I know this is disturbing, but when I saw students were being invited by the Our Healthy Community’s Protect Our Babies campaign to write poems in response to the crisis, I was irritated. I wanted to know why they weren’t invited into the research and policy parts of the conversation. So often, students are asked to be involved in serious issues as a kind of decoration. They are the entertainment and are dismissed when the real work begins. But before the winners were announced, I knew I’d been wrong.
“I felt starting with the artists and poets would be a way to accomplish our goal more intimately and effectively,” says Silas Buchanan of the Our Healthy Community. “I felt this approach would not only allow us to engage on a more personal basis, but would also encourage the community to work together in spreading the word on a deeper level.”
Babies are always an attractive topic to discuss with teenagers, and the contest sponsors did a fine job putting together nine short webisodes that address different aspects of the crisis. The surest sign the topic had their attention was that the students were quiet. I showed one or two of the short films each day and asked them to keep a running record of notes, phrases, details and reactions to what they were learning. After each film (and not all students saw all of them), there might be a few clarifying questions.
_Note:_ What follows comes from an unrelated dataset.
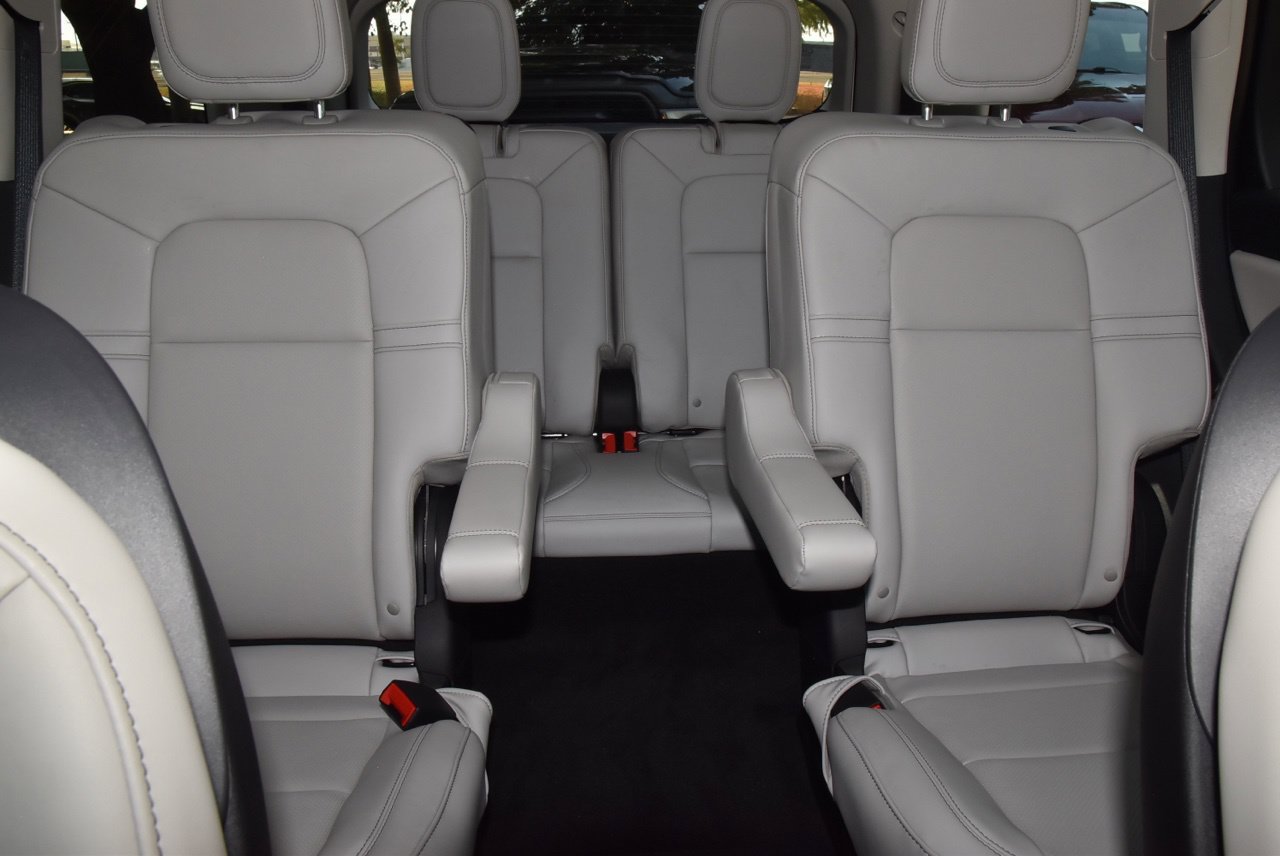 New 2026 Lincoln Aviator 2WD image 21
But mostly, students just wrote.
When they finally began putting notes together in the form of a poem, I was stunned both by the depth of feeling and the number of participants. According to Buchanan, the Collaborative had a similar reaction to all of the entries: “The artists submitted some amazing work that touched many of us in ways that we didn’t expect, and the poets were absolutely amazing.”
Students who had written very little during the rest of the year produced a torrent of words. One student wrote two poems. I went over to visit another student who seemed to be stuck. When I asked her if I could do anything to help get her going, she said, “I wish I’d known about this before.”
The next step was videoing the students. I didn’t mentioned this step because I feared it would paralyze some of the writers. I thought they might avoid writing so they wouldn’t have to present their poems on camera. Some were apprehensive, but another interesting development emerged. The students created the role of “Encourager.” We had a student filming and a student presenting, and the third would be off camera to help the presenters with their nerves. Jaleel Pegues of Cleveland’s Distinguished Gentlemen of the Spoken Word volunteered to guide students through their presentations.
As a teacher, I’m supposed to model what I asked my students to do. Writing the poem wasn’t too hard for me, especially since I watched each of the webisodes several times. I convinced my son to film me so I could present my work to the class and practice how to submit the student videos. When I received confirmation that I’d submitted properly, I was asked whether I wanted to be included in the Adult Spoken Word category. I encouraged my students to be risk-takers; I figured I should be one, too.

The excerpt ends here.